Tancheng () is the seat of Pingtan County, in Fuzhou, Fujian, China (PRC) seating its executive, legislature, judiciary, Chinese Communist Party and PSB branches. It is located on Haitan Island.

History

In 1961, Tancheng Commune () was established.

In 1980, Chengguan Town () was established, which was renamed Tancheng Town in 1982.

On March 29, 2013, a woman surnamed Wen in Tancheng lost 305,000 RMB to someone pretending to be her brother on QQ.

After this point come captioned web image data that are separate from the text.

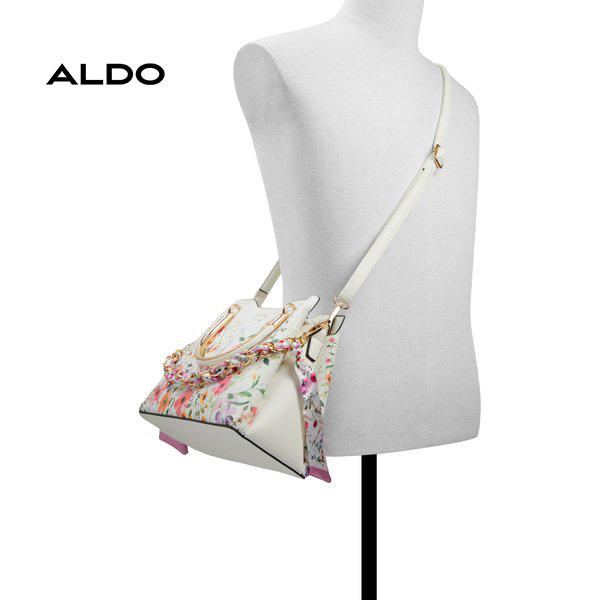 Túi xách tay nữ Aldo ARRAYAN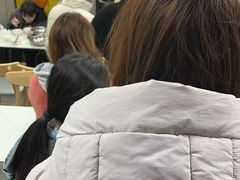 -老五麻辣香锅(盘锦花园店)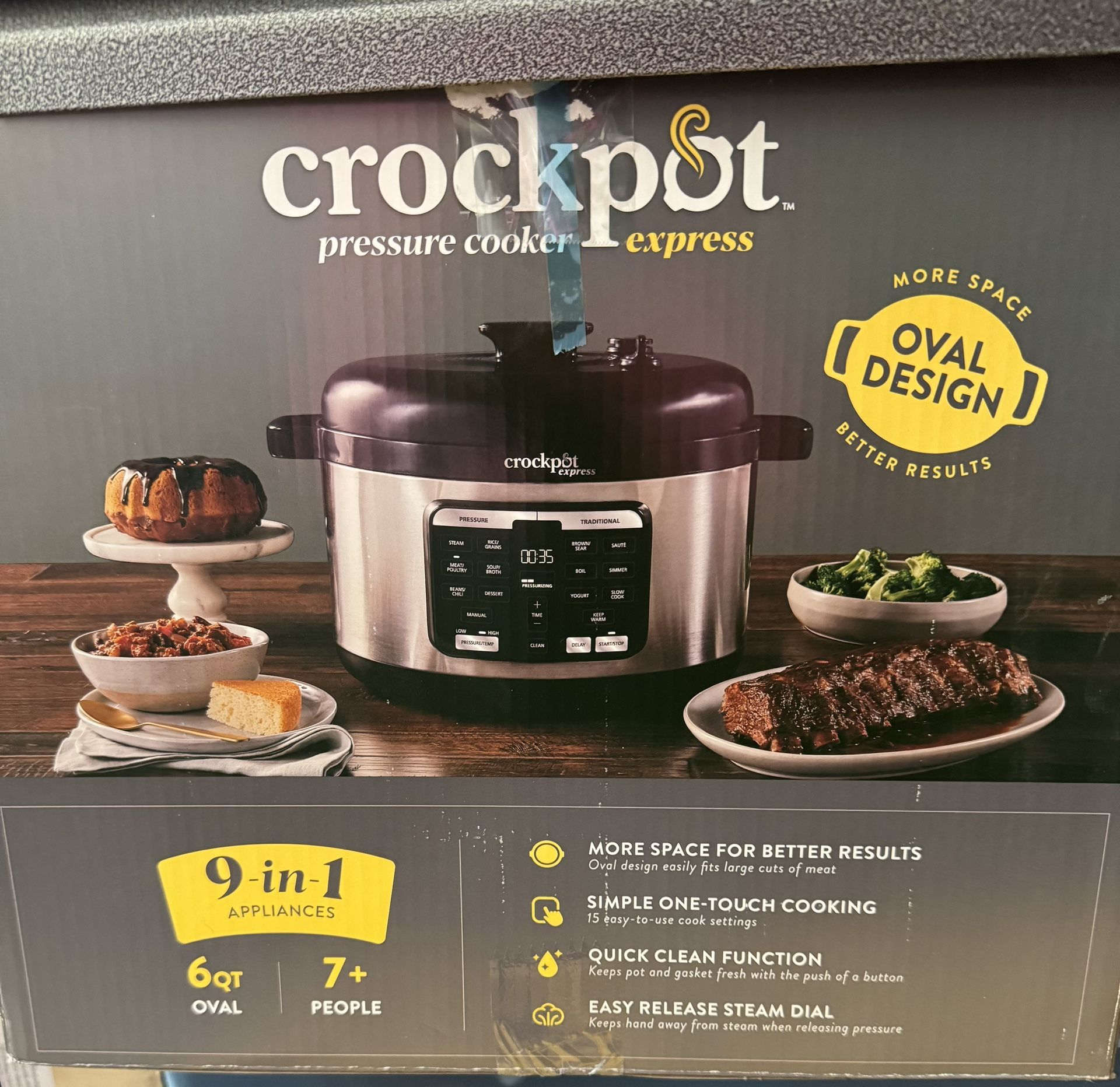 Small Appliances For Sale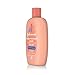 Johnson's Baby Honey Apple Wash, 15 Fl. Oz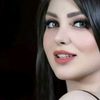 .amira824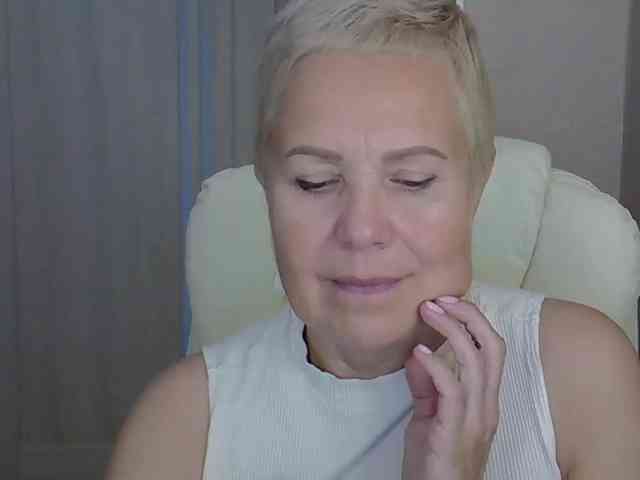 MadamMadam webcam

On April 15, 2013, Chen Shixiong was appointed town-level Chinese Communist Party (CCP) secretary of Tancheng at the sixth plenary session of the 12th CCP Pingtan Committee.

On August 8–9, 2015, Typhoon Soudelor brought winds measured at 36.3 meters per second in Tancheng, the highest in downtown Pingtan since 1971.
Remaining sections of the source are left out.